Uchodźcy ze wschodnich prowincji DR Konga, którzy znaleźli schronienie na terenie obozu przejściowego Nkamira w zachodniej części Rwandy, tracą nadzieję że sytuacja w Kongo się ustabilizuje.
Niepokojem napawa zwłaszcza przymykanie oczu przez armię rządową na prześladowania, jakich doznają niektóre grupy etniczne ze strony rebeliantów. O przypadkach donoszą obywatele kongijscy z grupy językowej Kinyarwanda.
"To przeklęty kraj. Nie ma dnia bez prześladowań, gwałtów czy zabójstwa, tylko dlatego że ktoś mówi Kinyarwanda" przytacza wypowiedzi uchodźców serwis allafrica.com
Statystyki wskazują, iż coraz więcej obywateli DR Konga, stara się znaleźć schronienie na terenie sąsiadującej Rwandy. W ciągu tylko ostatnich trzech tygodni ponad 3,5 tys. osób przekroczyło granicę, uciekając przed prześladowaniami. Ludzie są wyczerpani, pozbawieni dobytku, nierzadko stracili część rodziny.
"Żołnierze zastrzelili moich rodziców, moich krewnych. Zamordowali matkę, ojca, młodszego brata" mówi dwudziestolatek z Nakamira.
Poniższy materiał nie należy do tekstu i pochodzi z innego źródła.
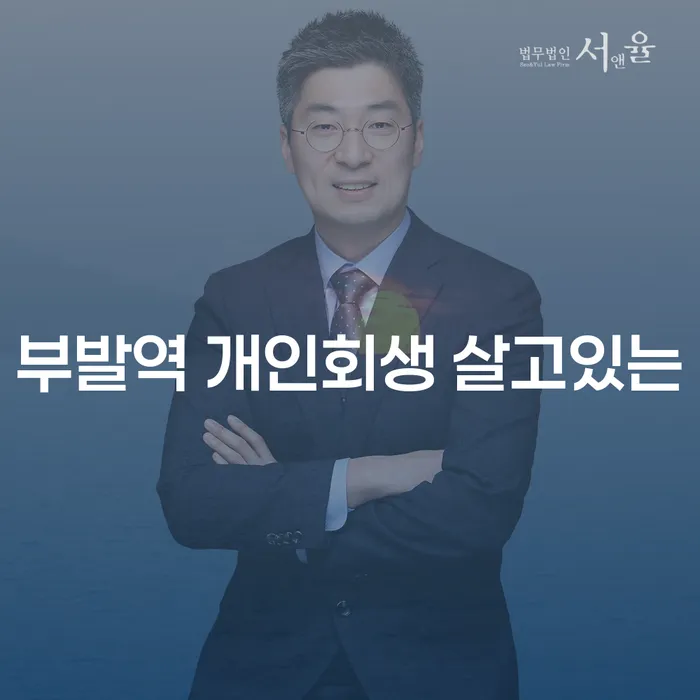 부발역 개인회생 살고있는
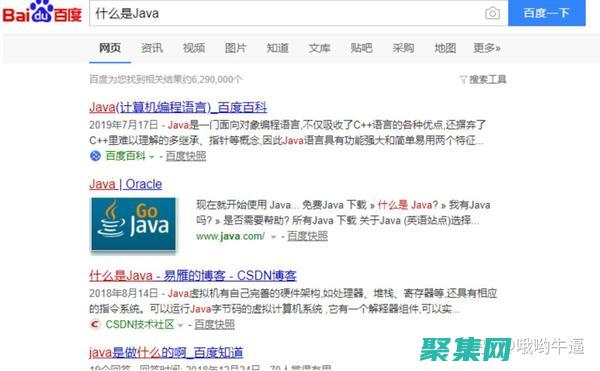 利用Java開發的創新電子商務平臺：感受便捷與可靠性 (利用javascript制作一個折疊菜單)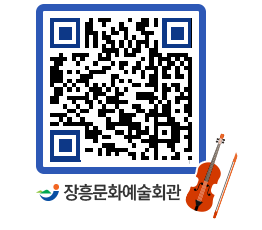 문화예술회관 QRCODE - 소공연장 페이지 바로가기 (http://www.jangheung.go.kr/art/ckulgo@)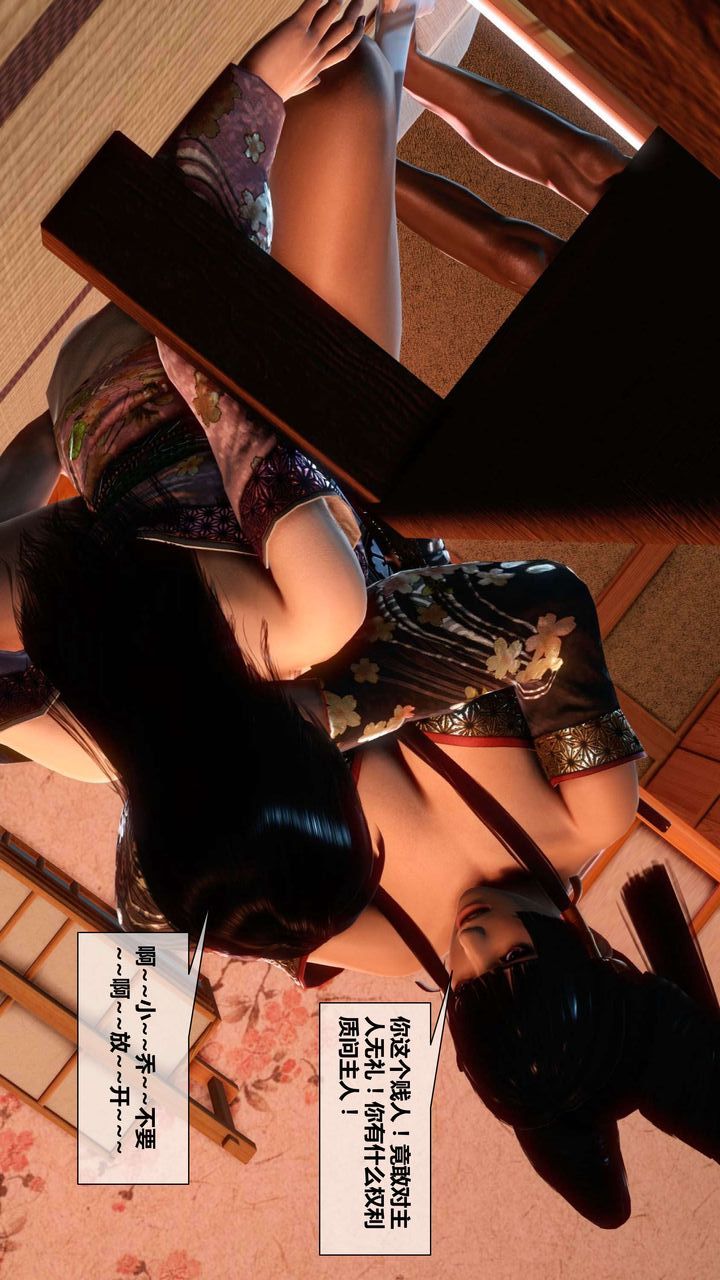 [3D]我的金城(罪惡金城)第1-2季[完整版]第二季04章【第4話】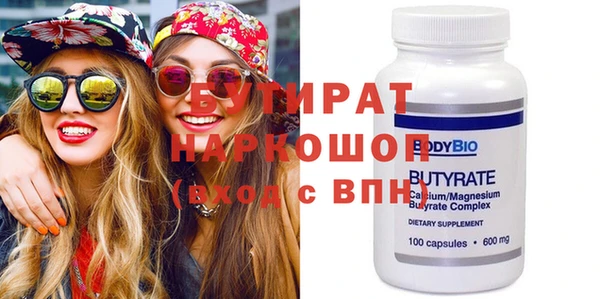 mdma Покачи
"Tylko Bóg wie, czy sytuacja w naszym kraju kiedykolwiek wróci do normy. Nikt nie wydaje się zatroskany aby interweniować. Kobiety i dziewczęta są gwałcone, ludzie wyrzynani" mówi osiemnastoletnia kongijka.
Na terenie Rwandy przebywa obecnie ponad 50.000 kongijskich uchodźców, głównie tych, którzy uciekli ze wschodniej części Demokratycznej Republiki Konga.
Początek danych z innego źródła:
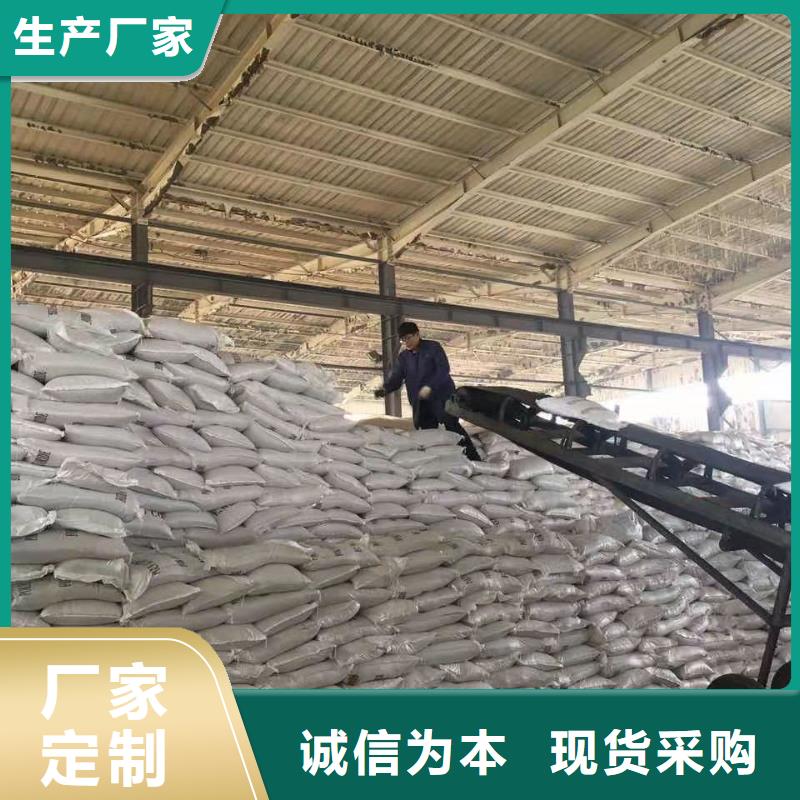 聚合硫酸鐵非離子聚丙烯酰胺實地大廠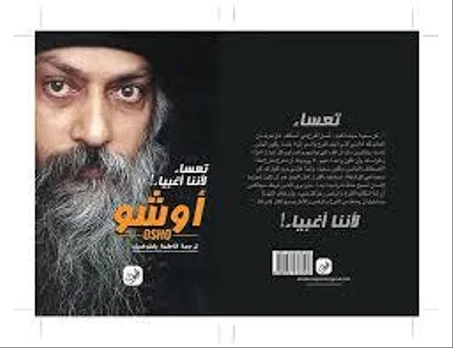 تعساء لأننا أغبياء - اوشو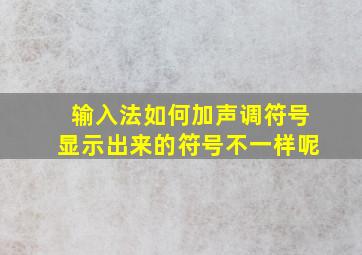 输入法如何加声调符号显示出来的符号不一样呢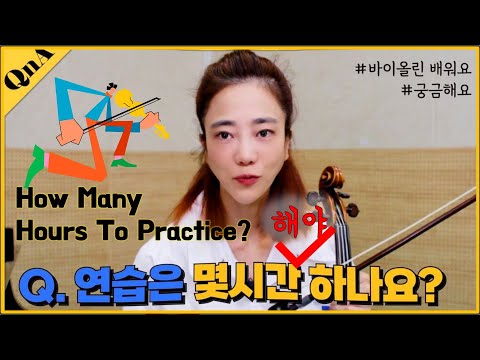 How many hours do people typically practice the violin?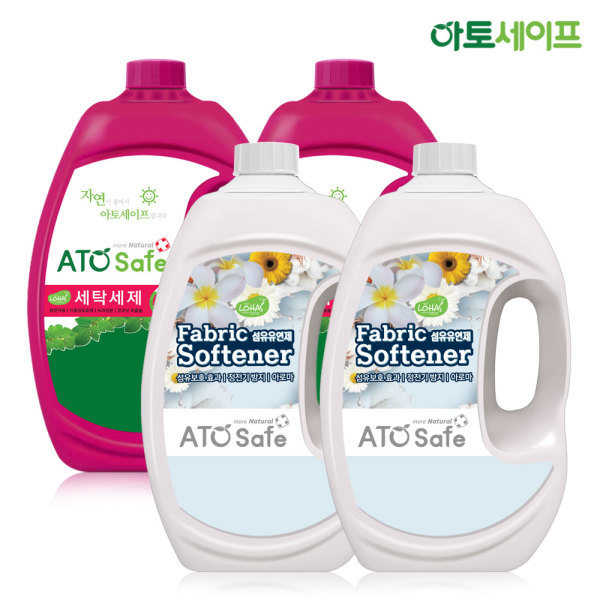 [아토세이프] 세탁세제SET (세제 2.5L 2개+파우더향 2.5L 2개)/세제/섬유유연제, 상세 설명 참조 추천해요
Są rozmieszczeni w różnych obozach: w Gihembe w dystrykcie Gicumbi; Kiziba w dystrykcie Karongi; Nyabiheke w dystrykcie Gatsibo; Kigeme w dystrykcie Nyamagabe; w Kigali i Nkamira Transit Centre w Prowincji Zachodniej.
Uchodźcom jest dostarczane pożywienie przez rząd rwandyjski we współpracy z ONZ-etowską komisją ds. uchodźców.